- [Assigned task] Starting at the first line of the data, please print exactly those lines through the one that holds "Ansichtskarten: DAVOS - Eisbahn", omitting every picture.

- [Items from a data source]
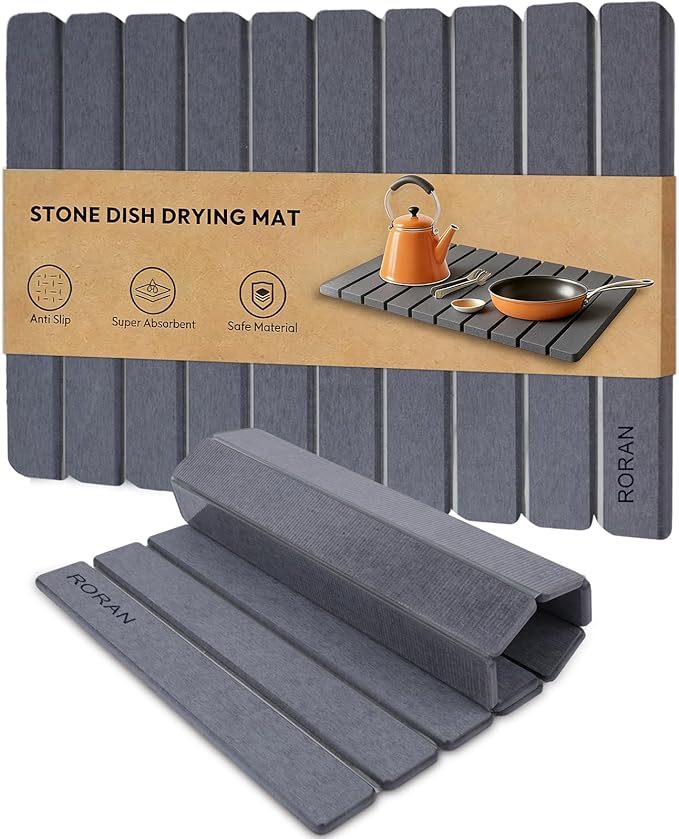 Stone Drying Mat for Kitchen Counter, 24"(L)Ã16"(W), Drying Matt Kitchen Counter, Quick Dry Stone Dishes Mats, Foldable Diatomaceous Earth Mat (Pure Gray)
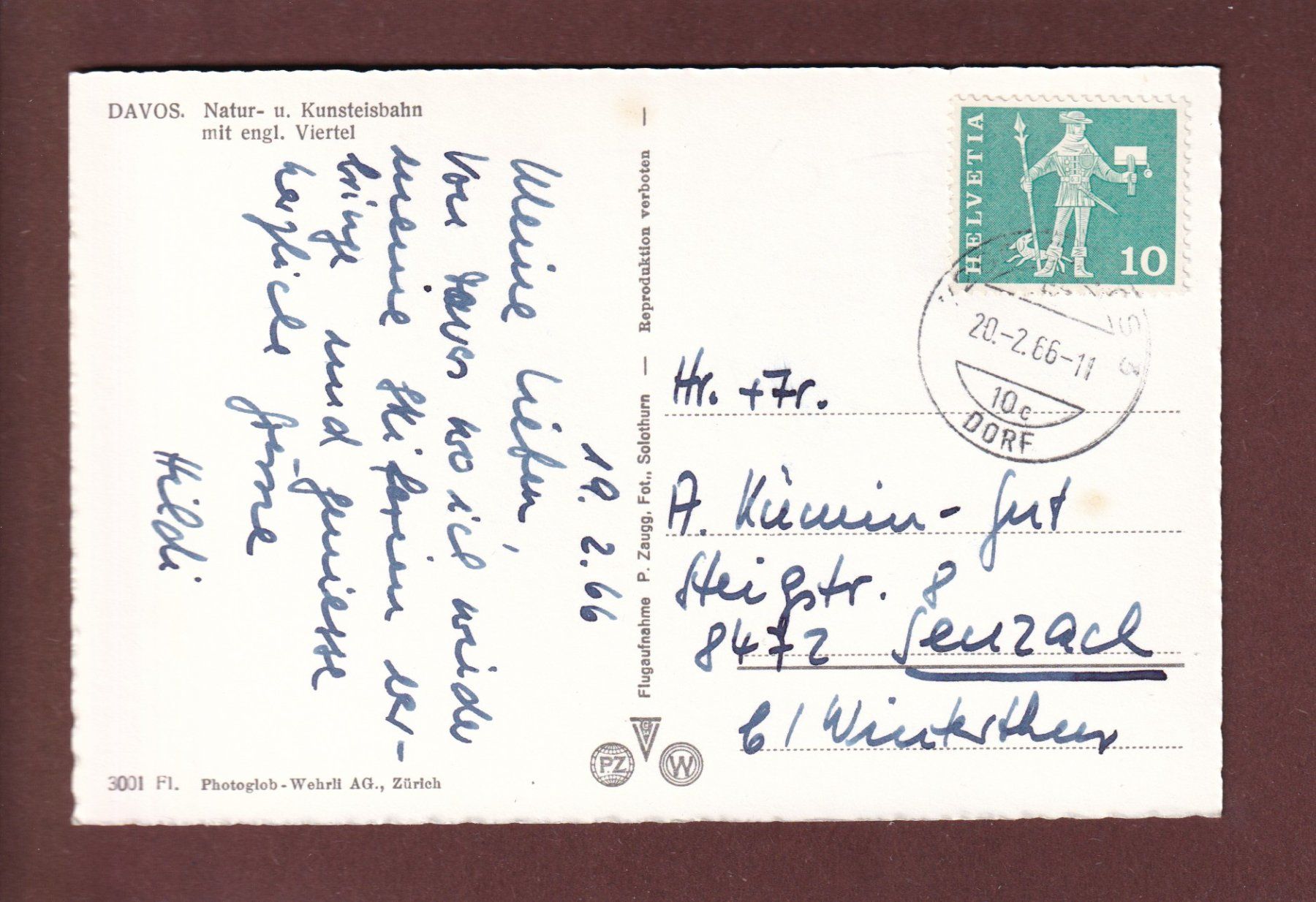 Ansichtskarten: DAVOS - Eisbahn - Englischer Viertel - 1966 – Gebraucht aus Pully von nicecards 1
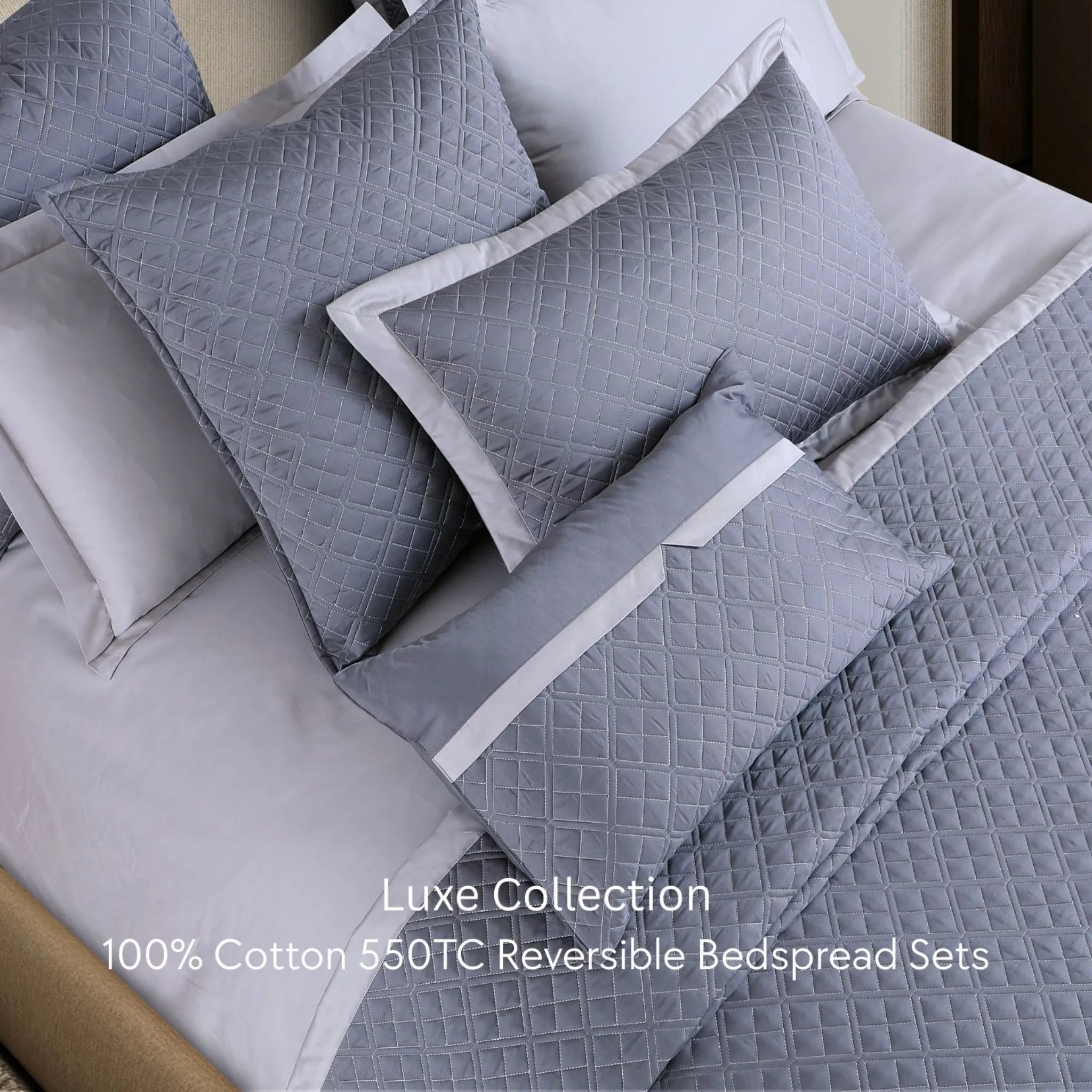 Malako Luxe 550 TC 100% Cotton Grey Solid King Size Reversible Bedspread Set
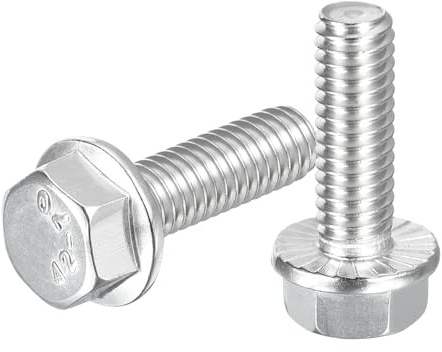 QUARKZMAN 15 stycken 5/16 45 x 1 tum sexkantskruvar med flänshuvud, 304 rostfritt stål sexkantsskruvar, sexkantiga drivskruvar 5,8 klass för maskinindustri hushållsapparater, silver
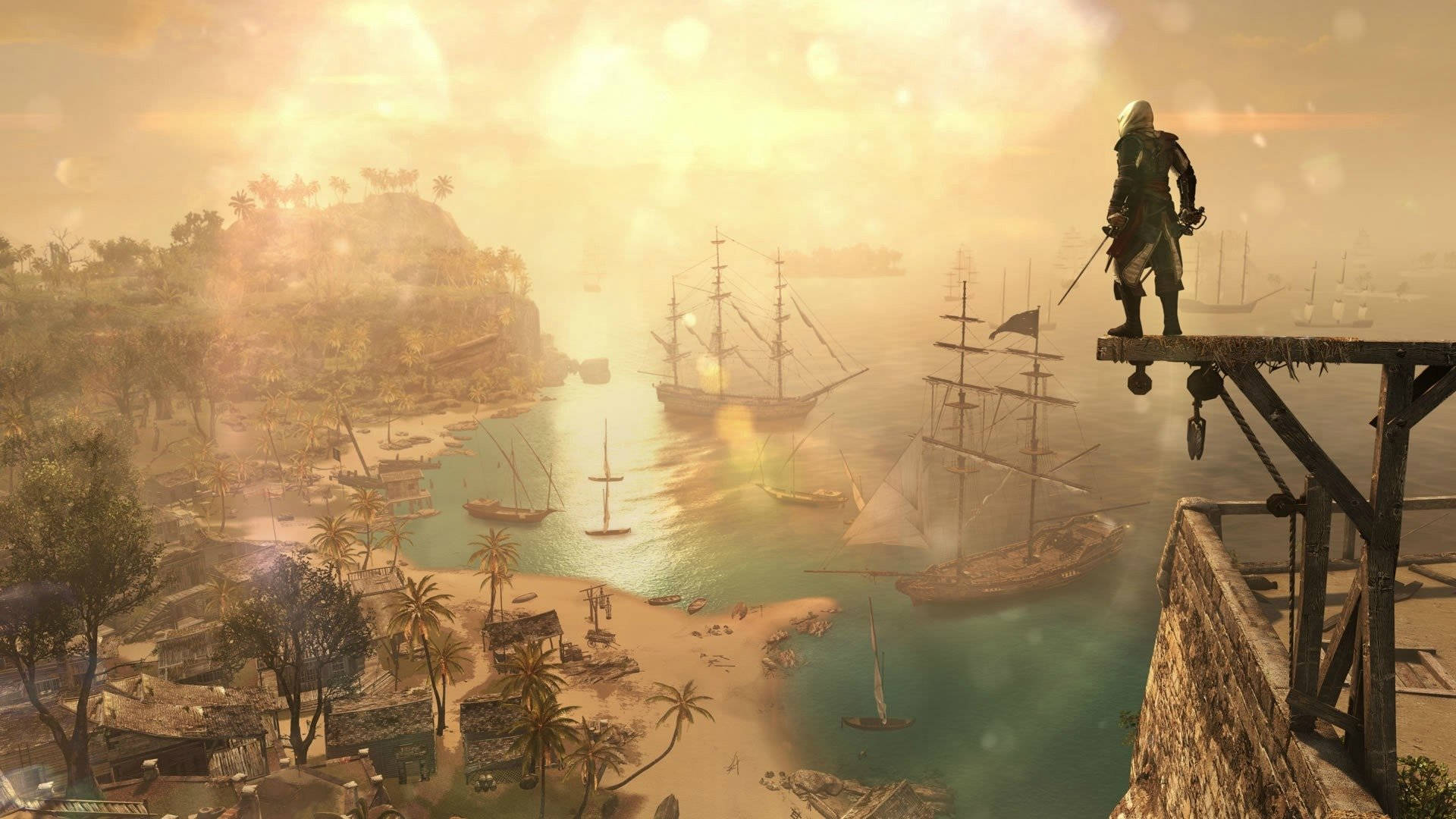 Assassin's Creed Black Flag Beach View Background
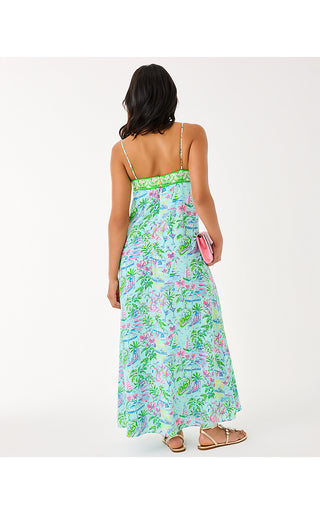 Amalfi Silk Maxi Dress - Salt Pond Blue Sunny Dee Engineered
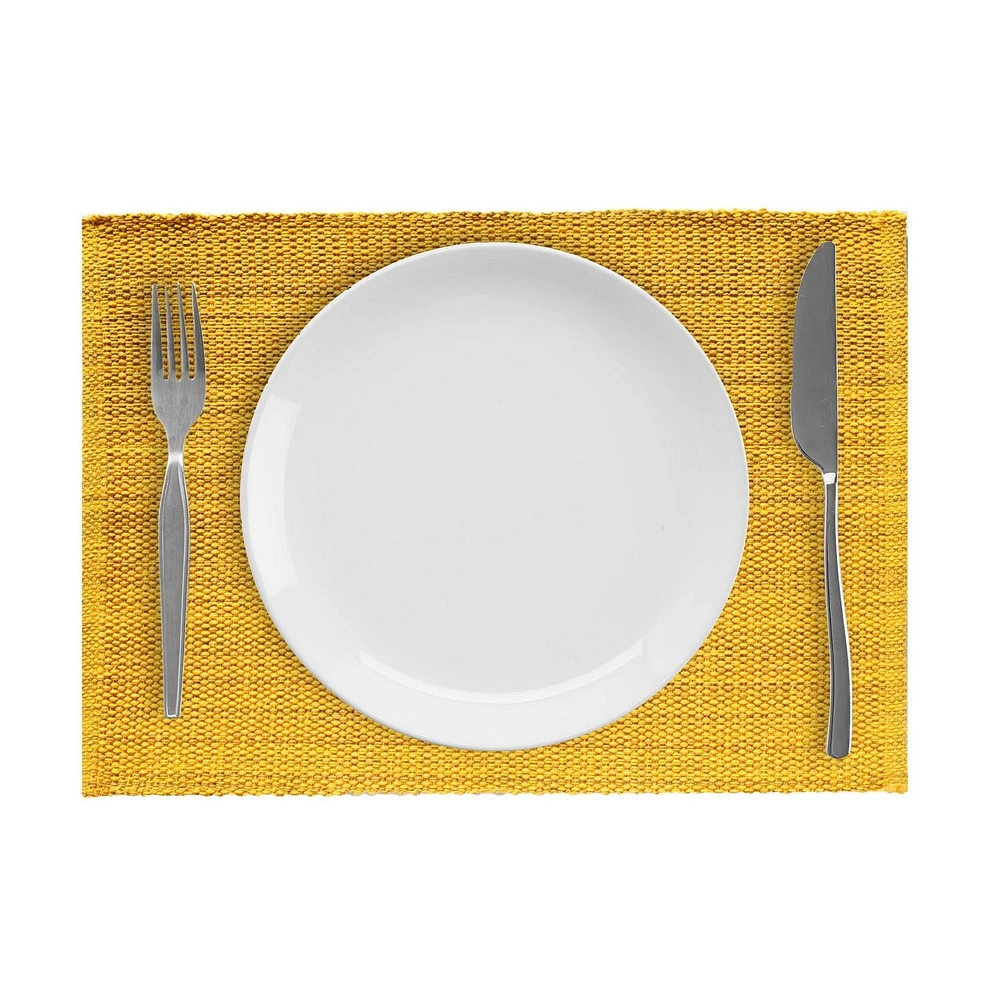 Set de 4 sets de table en coton classiques décontractés Fabstyles, lavables en machine, parfaits pour la cuisine et la table à manger ou les tables d'extérieur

- [Output below]
 Stone Drying Mat for Kitchen Counter, 24"(L)Ã16"(W), Drying Matt Kitchen Counter, Quick Dry Stone Dishes Mats, Foldable Diatomaceous Earth Mat (Pure Gray)
 Ansichtskarten: DAVOS - Eisbahn - Englischer Viertel - 1966 – Gebraucht aus Pully von nicecards 1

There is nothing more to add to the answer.